According to this anecdote, back in the early 1980s, Singh was surveying some land in a then remote part of Gurgaon when he ran into Gandhi, whose jeep had broken down in the vicinity. To Gandhi’s query on what he was doing there, Singh recollects in his book that he said he was dreaming of a new city. That was the start of an enduring friendship, he says in his book.
Interestingly, DLF now finds itself in a spot over what seem like very altruism-minded transactions with Gandhi’s son-in-law Robert Vadra.
The allegations were carefully aired last year in a story in The Economic Times , but seem to have gathered momentum after being repeated, along with supporting documents by Arvind Kejriwal.
To call the story of the growth of Vadra’s business empire, detailed in a Page 1 story in The Hindu today, rags to riches would be stretching things a bit simply because there were no rags at its beginning. If anything, The Hindu’s description makes the business model of Vadra’s companies sound like a perpetual motion machine, with assets swelling despite no increase in business activity.

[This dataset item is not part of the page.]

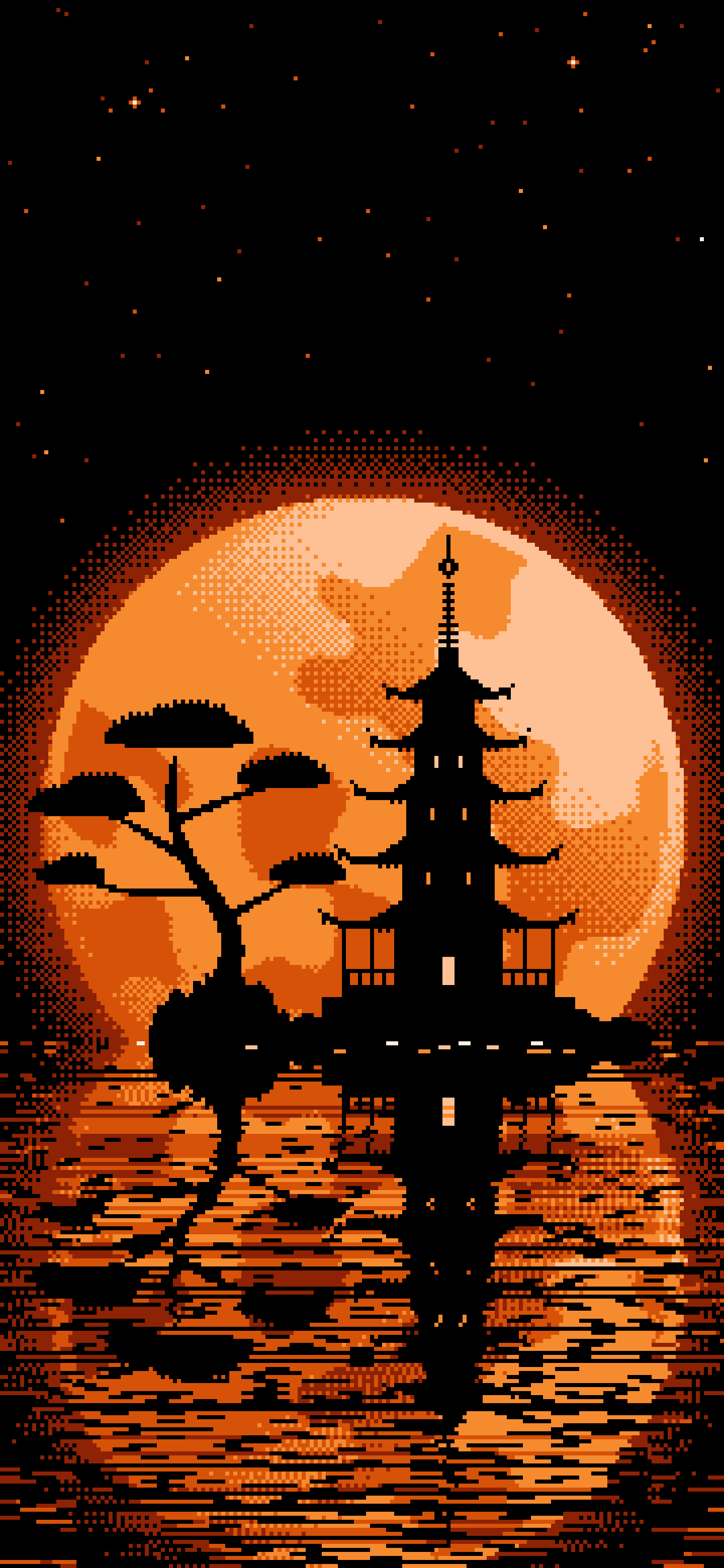 Orange Pixel Art Pagoda and Full Moon wallpaper for iPhone and Android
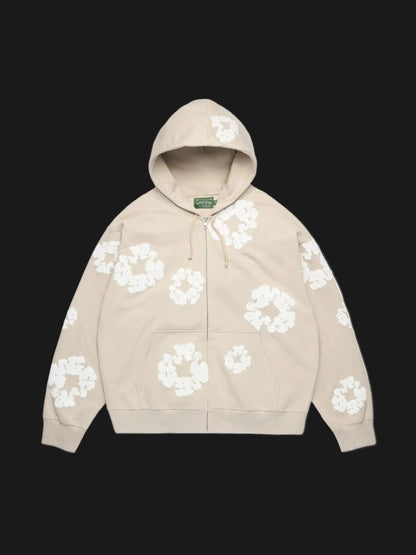 Denim Tears Cotton Wreath Zip Hoodie Cream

To be sure, Vadra himself has issued a clarification, and DLF has released to BSE a copy of the press release it issued on 6 October that seeks to refute the allegations against it and Vadra point, by point.
The release is detailed but still wanting. To offer one instance, as The Hindu story points out, it says the numbers in the documents released by Kejriwal pertaining to acquisitions of DLF properties by Vadra’s companies are wrong. But these numbers, as that story explains, are from the financial statements of Vadra’s own companies, which probably means DLF would do well to issue a clearer clarification.
Indeed, given the specific charges being levelled, both Vadra and DLF would do well to set the record straight.
To be sure—and this has been pointed out by several Congress spokespersons—there is also the issue of quid pro quo, and in this case, there doesn’t seem to be one, but that doesn’t take away from the need for both parties to come clean and explain the transactions.
Even if there is no wrongdoing in this particular instance, it will be interesting to unearth and then investigate similar transactions (with possible quid pro quos) between companies and other politicians and politically-connected individuals. Both the 2G and the coal scams are replete with instances of share transfers, inter-corporate loans, and other transactions that may have enriched corrupt politicians.